The thing is you can still stick a CDN in front of your old school servers and just use a 'stale-while-revalidate' header to get exactly the effect described here.
We do this, but if you're redeploying fast enough thre's a change that a user loads a cached old page (or performs a client-side navigation to an old page) and makes a requests for a URL that's no longer served by the origin nor is cached by the CDN.
Yeah, as a salty greybeard i tried to tell our FE tech-lead to just render the proper HTTP Cache-Control headers in the Next.js site we recently built. He tried and then linked me to https://nextjs.org/docs/app/guides/caching and various version of their docs on when you can and cannot set Cache-Control headers (e.g. https://nextjs.org/docs/app/api-reference/config/next-config...) and I got several hours of head-ache before calling it a problem for another day.
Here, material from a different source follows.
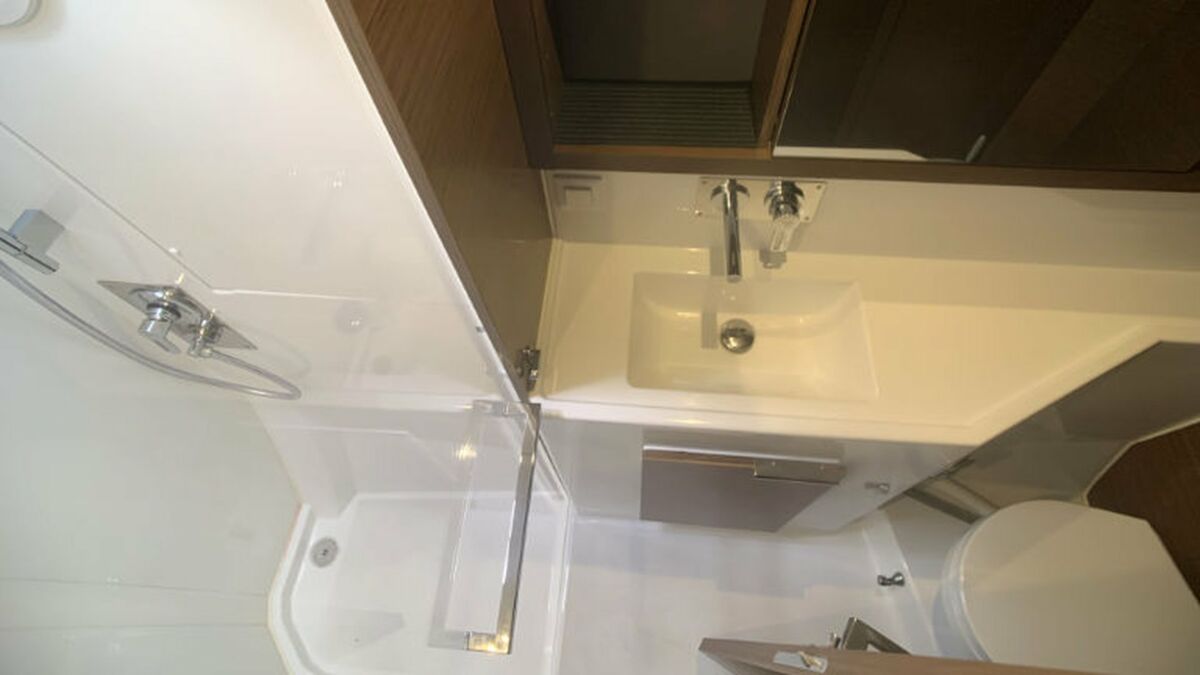 Lagoon 40 Katamaran Sailing World Yachtbrokers Heiligenhafen 21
That site is not high traffic enough to care but this is not the first time that i've gotten the "not the Next.js way" talk and was not happy.
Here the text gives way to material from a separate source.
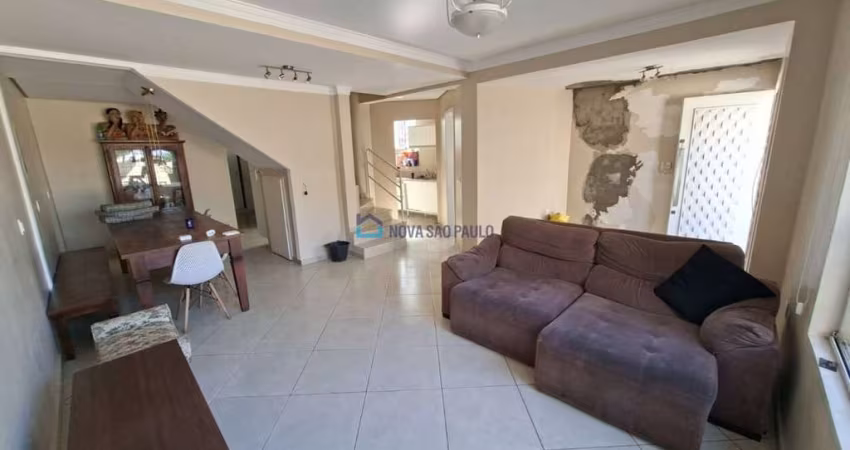 Casa com 03 dormitórios e 02 vagas de garagem- Excelente localização- Vila Guarani!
I obviously can be done but clearly is not the intended solution which really bothers me
Well, part of the Vercel game is to lock you in to their platform and extract $$$, but as I recall you can spec out headers in NextJS config?. And possibly on CloudFlare itself via cache rules?
I am self hosting using Docker. Next.js config to change header didn't work for me. I had cache rules in Cloudflare, but Next.js header for page (no-cache) doesn't allow Cloudflare to apply stale-while-revalidate.
Now that I have proper header added by HAProxy, Cloudflare cache rules for stale-while-revalidate works.
If anyone can reach Cloudflare. Please let us forcefully use stale-while-revalidate even when upstream server tells otherwise.